Floor $x$

From ${\color{#3D99F6}x^3} - \lfloor x \rfloor = 3$ . Since the RHS is positive, $x > 0$ . As $\lfloor x \rfloor$ and 3 are integers, $\color{#3D99F6}x^3$ must be an integer.
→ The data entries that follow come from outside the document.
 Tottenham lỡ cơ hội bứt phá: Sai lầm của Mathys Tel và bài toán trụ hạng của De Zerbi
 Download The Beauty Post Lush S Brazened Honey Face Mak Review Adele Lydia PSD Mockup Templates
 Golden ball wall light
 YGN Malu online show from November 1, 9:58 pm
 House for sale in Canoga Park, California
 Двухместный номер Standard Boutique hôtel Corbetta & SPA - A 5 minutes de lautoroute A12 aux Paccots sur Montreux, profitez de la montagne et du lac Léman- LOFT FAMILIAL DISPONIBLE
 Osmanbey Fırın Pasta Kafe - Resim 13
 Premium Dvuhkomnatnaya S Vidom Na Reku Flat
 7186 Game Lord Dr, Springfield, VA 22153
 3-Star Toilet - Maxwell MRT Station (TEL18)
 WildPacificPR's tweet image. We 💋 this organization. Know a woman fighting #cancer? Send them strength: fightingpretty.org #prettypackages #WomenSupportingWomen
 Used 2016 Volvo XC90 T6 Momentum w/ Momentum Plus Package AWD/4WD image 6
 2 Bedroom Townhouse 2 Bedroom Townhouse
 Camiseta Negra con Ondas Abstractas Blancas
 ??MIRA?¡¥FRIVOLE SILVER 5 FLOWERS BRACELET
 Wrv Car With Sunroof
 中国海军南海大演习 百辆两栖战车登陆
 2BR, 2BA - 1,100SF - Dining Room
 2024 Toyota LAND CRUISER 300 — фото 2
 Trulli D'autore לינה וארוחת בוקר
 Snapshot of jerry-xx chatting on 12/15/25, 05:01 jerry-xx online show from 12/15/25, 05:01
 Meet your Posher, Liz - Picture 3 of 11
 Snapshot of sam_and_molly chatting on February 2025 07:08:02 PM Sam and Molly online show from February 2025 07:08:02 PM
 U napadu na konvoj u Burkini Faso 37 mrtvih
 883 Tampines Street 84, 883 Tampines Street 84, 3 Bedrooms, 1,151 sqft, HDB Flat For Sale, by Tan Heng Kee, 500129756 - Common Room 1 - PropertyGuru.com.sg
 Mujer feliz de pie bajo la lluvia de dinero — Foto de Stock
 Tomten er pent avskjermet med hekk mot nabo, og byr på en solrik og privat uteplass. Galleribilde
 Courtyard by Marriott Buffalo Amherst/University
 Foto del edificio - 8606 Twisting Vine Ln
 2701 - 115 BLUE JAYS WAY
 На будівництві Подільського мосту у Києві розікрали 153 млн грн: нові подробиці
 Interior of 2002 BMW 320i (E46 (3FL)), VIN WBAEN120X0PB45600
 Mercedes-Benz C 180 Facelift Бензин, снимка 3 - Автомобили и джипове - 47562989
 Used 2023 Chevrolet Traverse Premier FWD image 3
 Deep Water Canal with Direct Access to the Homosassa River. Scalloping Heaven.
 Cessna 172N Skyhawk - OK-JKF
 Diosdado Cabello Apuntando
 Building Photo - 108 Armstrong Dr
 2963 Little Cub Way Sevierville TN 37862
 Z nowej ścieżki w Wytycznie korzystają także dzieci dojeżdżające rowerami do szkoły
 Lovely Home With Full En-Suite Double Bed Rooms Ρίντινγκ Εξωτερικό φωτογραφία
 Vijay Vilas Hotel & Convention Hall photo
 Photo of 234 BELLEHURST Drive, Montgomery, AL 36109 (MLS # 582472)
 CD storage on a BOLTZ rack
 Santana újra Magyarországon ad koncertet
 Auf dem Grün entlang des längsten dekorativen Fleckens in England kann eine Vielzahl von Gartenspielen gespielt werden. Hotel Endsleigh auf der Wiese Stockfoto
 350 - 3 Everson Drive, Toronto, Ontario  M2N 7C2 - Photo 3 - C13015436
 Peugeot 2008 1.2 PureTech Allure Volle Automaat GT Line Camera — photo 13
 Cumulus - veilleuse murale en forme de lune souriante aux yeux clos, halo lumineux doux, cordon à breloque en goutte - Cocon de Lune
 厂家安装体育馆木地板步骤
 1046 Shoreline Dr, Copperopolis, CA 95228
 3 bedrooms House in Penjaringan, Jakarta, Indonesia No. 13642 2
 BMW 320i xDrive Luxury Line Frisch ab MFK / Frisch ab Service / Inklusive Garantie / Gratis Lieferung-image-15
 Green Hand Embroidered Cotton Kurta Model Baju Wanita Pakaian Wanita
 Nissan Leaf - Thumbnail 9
Let $x^3 = n$ . Then $n - \lfloor \sqrt [3]n \rfloor = 3$ , $\implies \lfloor \sqrt [3]n \rfloor = n - 3$ . For $x > 0$ :

$\begin{array} {ccl} \underline{LHS} & \underline{RHS} \\ \lfloor \sqrt [3]n \rfloor = 0 & - 3 < n-3 < - 2 & \small \color{#D61F06} \text{No solution} \\ \lfloor \sqrt [3]n \rfloor = 1 & - 2 < n-3 < 5 & \small \color{#3D99F6} \text{Solution: }n = x^3 = 4 \\ \lfloor \sqrt [3]n \rfloor = 2 & 5 < n-3 < 24 & \small \color{#D61F06} \text{No solution} \end{array}$

It is obvious that for $\lfloor \sqrt [3]n \rfloor \ge 2$ , there is no solution. And $x^3 = \boxed{4}$ is the only solution.